» EXTRACTED INFORMATION:
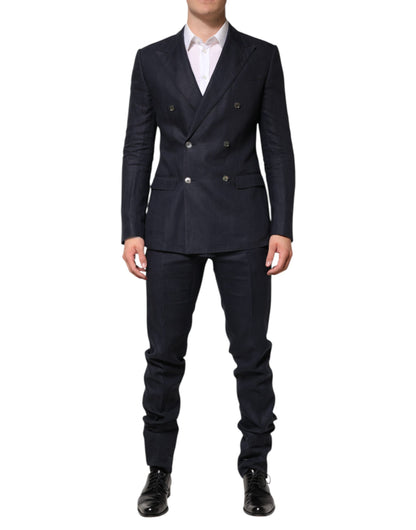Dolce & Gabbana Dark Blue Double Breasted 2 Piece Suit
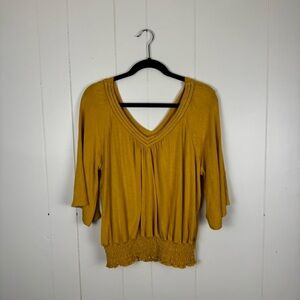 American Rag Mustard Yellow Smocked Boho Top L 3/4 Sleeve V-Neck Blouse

...

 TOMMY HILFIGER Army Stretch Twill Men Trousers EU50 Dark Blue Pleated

» ACTION ITEM: Extract the part of the records that opens with the line containing "Dolce & Gabbana" and closes with the line containing "American Rag Mustard". Take only those lines, exactly, and no pictures.

» RESPONSE TO THIS EXERCISE:
Dolce & Gabbana Dark Blue Double Breasted 2 Piece Suit
 American Rag Mustard Yellow Smocked Boho Top L 3/4 Sleeve V-Neck Blouse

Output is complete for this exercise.